Preprocessing mode
From Piki
Contents |
Layout
Quick nomenclature
- Data unit: A unified way to store lumps of data. It also features an Input format (such as file reading capabilities or an SQL link) and can have any number of filters.
- Filter: An operator that operates on data units.
- Feature: A variable the data (dimension or axis if you will). Also often referred to as column or attribute.
Operation
Loading data
In order to do anything useful in Synapse, data to drive the system must be imported. Data is stored in data units and loaded into Synapse from theData unit manager(1). By the use of the “Add” button a data import wizard is started. First an Input format is chosen. After the specific settings for this format has been set, the data is loaded into a data unit, which is placed in the list of the data unit mangager (1).
Studying data
The Statistics pane (5) always shows basic statistics for the chosen data. Select a data unit in the data unit manager(1) and see the statistics in the Statistics pane (5). The statistics is repeated column wise for each feature of the data. The radio buttons at the bottom switches between the Training and Validation channel (more on this later).
For a more detailed view of data drag the data unit from the data unit manager (1) to an empty visualizer tab (4).
(There right most tab is always an empty tab.) When a data unit is dropped on an empty visualizer tab (4) a window with a list of available visualizers are shown. By clicking one of the visualizer icons that visualizer will be chosen and appear on the visualizer tab (4).
Many visualizers enable selection of data points, or regions of data. The statistics for these selections will be shown in alternate color in the Statistics pane (5).
Hierarchical data mining
By dragging one visualizer to an empty visualizer tab (4), the selection of the first visualizer will be made available to a second visualizer of choice. (Again the window with a list of available visualizers is shown.) This enables a progressive method of finding and viewing interesting parts of data. Some visualizers can use this ability not only for viewing, but to permanently modify the underlying data unit by for example applying removal of certain data points as a filter (see changing data).
Changing data
Data almost always has to be manipulated in some way before use. Fore this task there are filters. A list of available filters is found in the filter bar (2). A filter is applied to the current data unit by dragging the filter of the filter bar (2) and dropping it on to the filter stack (3).
The [[Synapse:Filter#filter stack|]] (3) always shows the filters of the current data unit, the one selected in the data unit manager(1). When a filter is selected in the filter stack (3) the filter settings are shown in the area just underneath the filter stack (3). By default the “Auto apply” checkbox is not checked and the “Apply” button must be pressed for new filters and filter settings to take effect. As the data unit is recalculated the filters are applied in the order they appear in the filter stack (3), with the top most first. If a data unit is subject to visualization the visualization will be updated to reflect the new content of the data unit.

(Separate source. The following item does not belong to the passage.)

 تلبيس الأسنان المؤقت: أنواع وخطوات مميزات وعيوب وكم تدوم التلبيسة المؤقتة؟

If a filter is no longer desired, it can ether be temporarily deactivated by means of the checkbox next to the filter in the filter stack (3), or permanently removed by pressing the [Delete] key. Again the “Apply” button must be used if “Auto apply” is not checked.
More on data units, training and validation
data units have two Data sets. One for training and one for validation. This is due to the statistical nature of adaptive systems and the need of testing such a system on data that have not been used in the process of creating it.

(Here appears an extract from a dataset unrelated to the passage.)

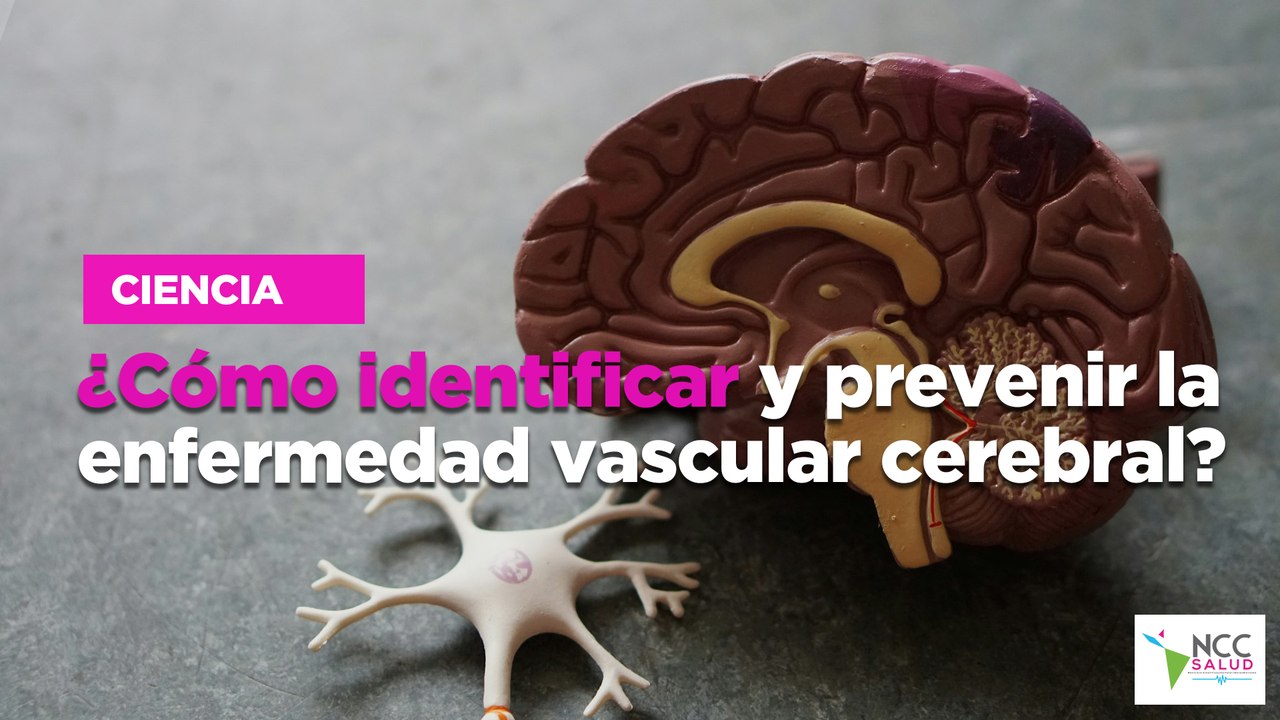 ¿Cómo identificar y prevenir la enfermedad vascular cerebral?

This is why a portion of the data available is stored in a separate channel for validation purposes. This data is never used to train the system. The two channels, or data sets, are identical in form, they consist of the same Features in the same order. Usually they are not of the same size however. (That is, they do not necessarily have the same number of rows.)
By default many input formats store the last part of the loaded dataset in the validation channel. This is fine fore time series and for static data if data is not spatially correlated. In static cases however, one may want to re-shuffle the data. This can be achieved for instance by using the Mixer filter.
The data unit manager (1) shows the number of samples (rows) there is in each set.
Embedding data in solutions
Sometimes for the sake of portability you may wish to embed the data into the solution. This allows you to use the solution offline, without access to the original data source. To do so, select a data unit, and check the "Embed Data in Solution" checkbox. To restore reading from the original data source, uncheck the box.